The problem - Each line of the data must be written out again verbatim; no image belongs in the copy.

Stored data -

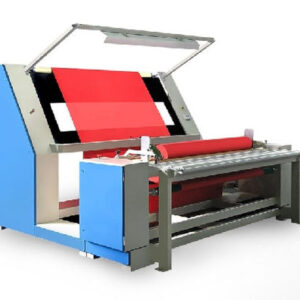 Инспекционная машина для тканей с наматывающим устройством, ISP 220, Comatex Textile Machinery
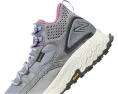 Трейловые кроссовки New Balance Fresh Foam X Hierro Mid с подошвой Vibram Megagrip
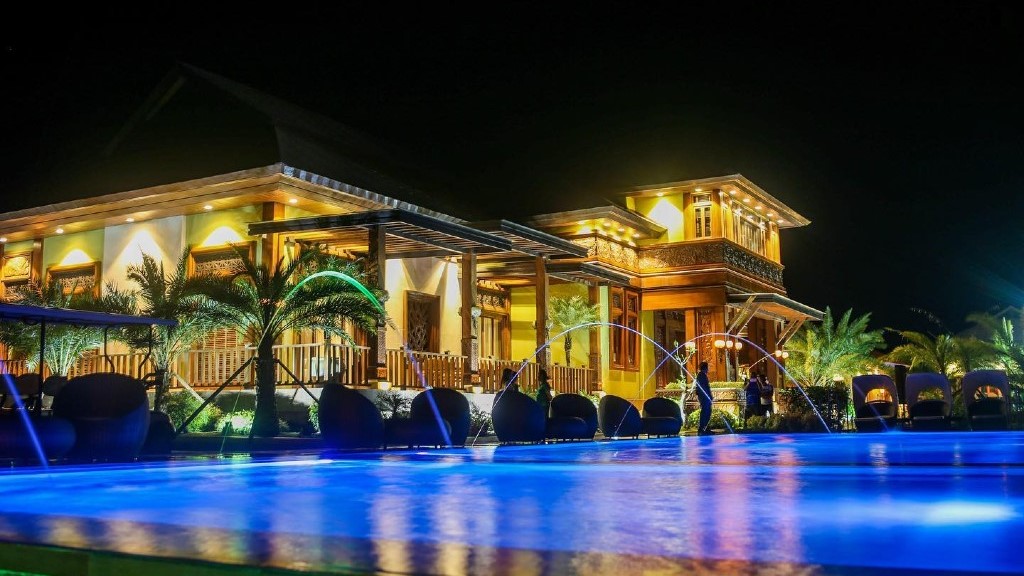 Highland Bali Villas, Resort and Spa Resort Swimming Pool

Solution -
 Инспекционная машина для тканей с наматывающим устройством, ISP 220, Comatex Textile Machinery
 Трейловые кроссовки New Balance Fresh Foam X Hierro Mid с подошвой Vibram Megagrip
 Highland Bali Villas, Resort and Spa Resort Swimming Pool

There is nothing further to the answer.